J'ai indiqué qu'à mon avis -- opinion que j'ai déjà exprimée d'ailleurs --, cette Cour ne devrait pas prononcer le sursis à l'expulsion en attendant qu'elle effectue un contrôle judiciaire dans un cas où ce contrôle a été demandé non pas pour contester la mesure d'expulsion, mais bien pour attaquer l'action (ou, en l'espèce, l'inaction) du ministre relativement à une demande, fondée sur le paragraphe 114(2), visant à obtenir que le pouvoir discrétionnaire de la Cour soit exercé en faveur du requérant. Dans la présente affaire, la mesure d'expulsion est devenue inconditionnelle le 20 mai 1993. On n'a jamais demandé le contrôle judiciaire de cette mesure. Celle-ci demeure donc valide et doit être traitée comme telle. Suivant l'article 48 de la Loi sur l'immigration, le ministre est tenu d'exécuter la mesure "dès que les circonstances le permettent" [voir, p. ex. Lodge c.
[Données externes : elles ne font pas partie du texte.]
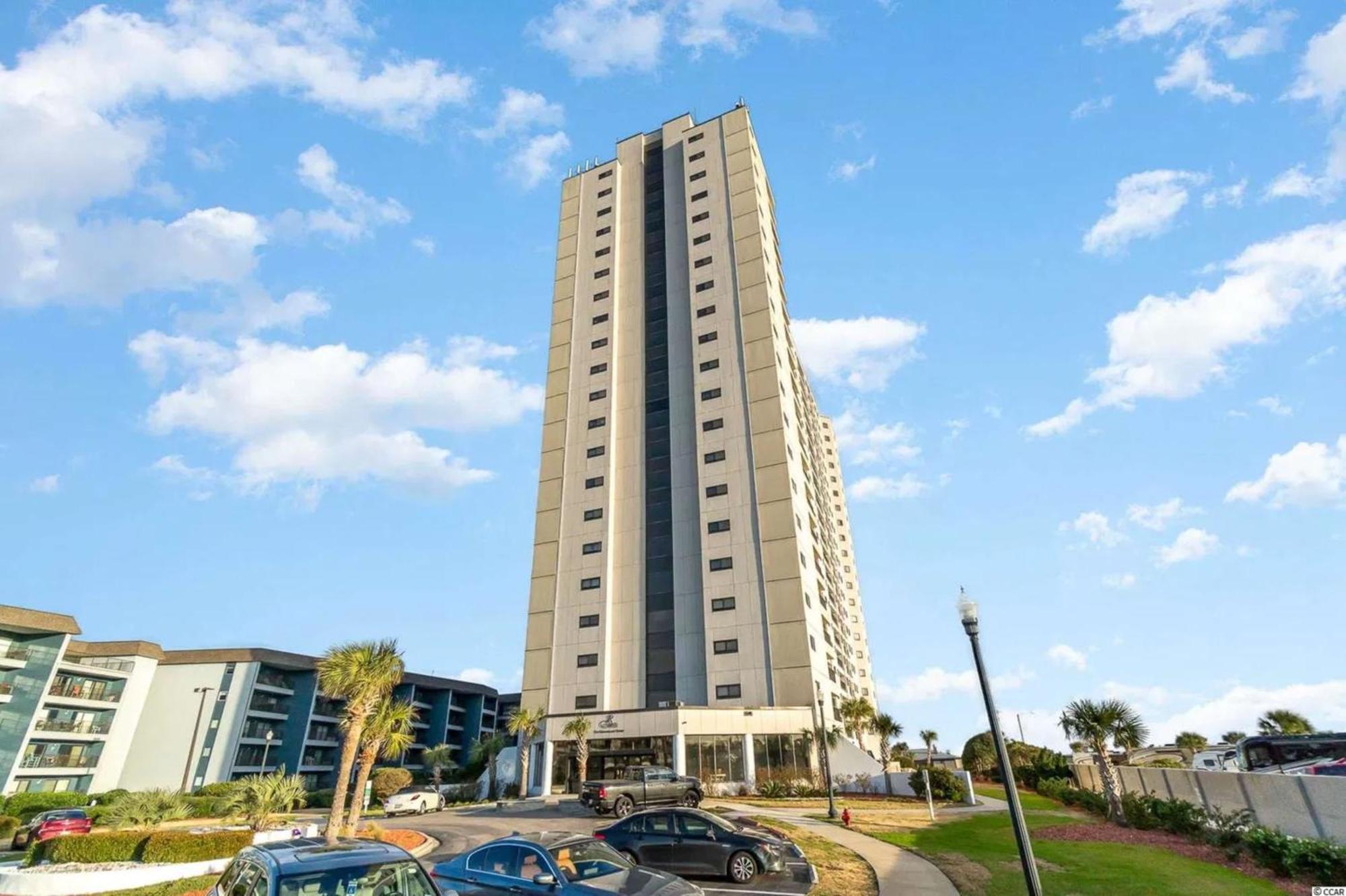 Apartment Beautiful 2 Bedroom Featuring A Cali King Bed! Myrtle Beach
M.E.I. , 1979 CanLII 2785 (FCA), [1979] 1 C.F. 775, à la p. 783]. À ce que je peux voir, la Loi ne dit nulle part que l'exécution d'une telle mesure ne peut avoir lieu que si on a dûment examiné la demande, s'il en est, fondée sur le paragraphe 114(2) et visant à obtenir pour l'expulsé un traitement discrétionnaire exceptionnel. [Cette situation peut se distinguer de celle de l'affaire Benhene c. M.E.I., 13 avril 1992, 92-A-2193 (C.A.F.), où le rejet de la revendication du statut de réfugié avait automatiquement rendu exécutoire la mesure de renvoi : l'annulation sollicitée dans la demande de contrôle judiciaire aurait redonné un caractère conditionnel à la mesure de renvoi et aurait donc suspendu son exécution]. La réticence de cette Cour à intervenir dans de telles circonstances a parfois été attribuée à l'incompétence en la matière. Quant à savoir si cette explication est exacte, cela dépend, je crois, de la façon dont on définit la compétence. Or, la justification reposant sur la compétence semble avoir mené à un point de vue selon lequel tous les obstacles au prononcé du sursis dans ce genre de circonstances ont été écartés par l'adoption en 1990 de l'article 18.2 de la Loi sur la Cour fédérale, dont voici le texte :
La Section de première instance peut, lorsqu'elle est saisie d'une demande de contrôle judiciaire, prendre les mesures provisoires qu'elle estime indiquées avant de rendre sa décision définitive.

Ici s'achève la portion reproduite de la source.